═════ GIVEN MATERIAL
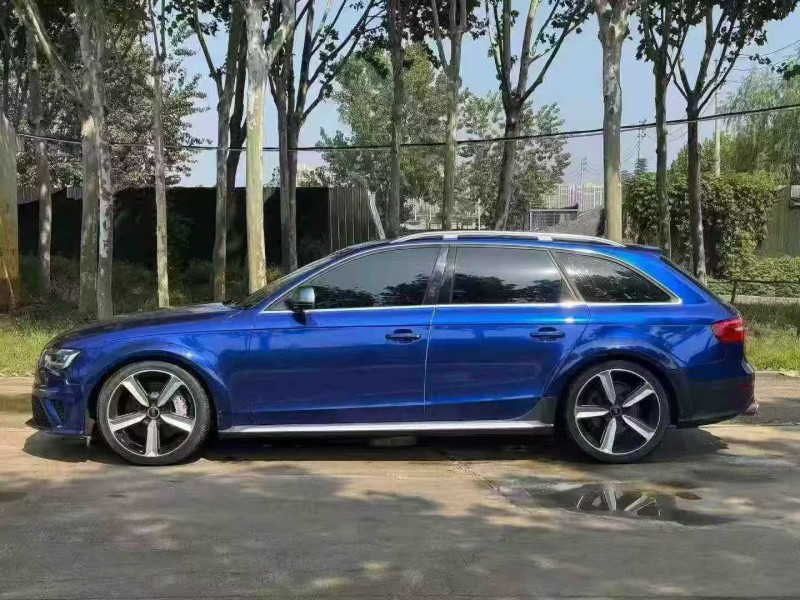 洛阳16年奥迪A4L8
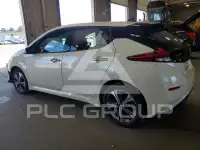 2022 Nissan LEAF фото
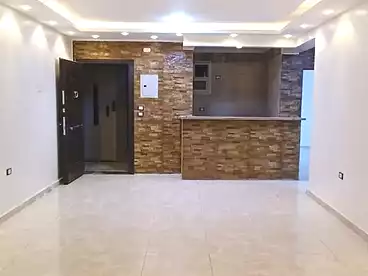 Apartments For sale in Nile Corniche St., Hadayek Helwan, 125 sqm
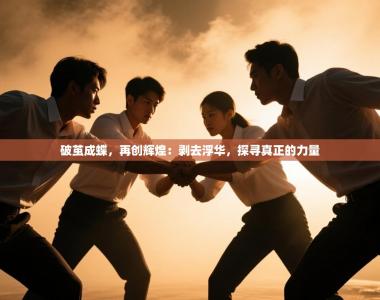 破茧成蝶，再创辉煌：剥去浮华，探寻真正的力量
══════════
Exact copy required, pictures excluded: the lines from the one holding "Apartments For sale" through the last line of the data, both ends included.

 Apartments For sale in Nile Corniche St., Hadayek Helwan, 125 sqm
 破茧成蝶，再创辉煌：剥去浮华，探寻真正的力量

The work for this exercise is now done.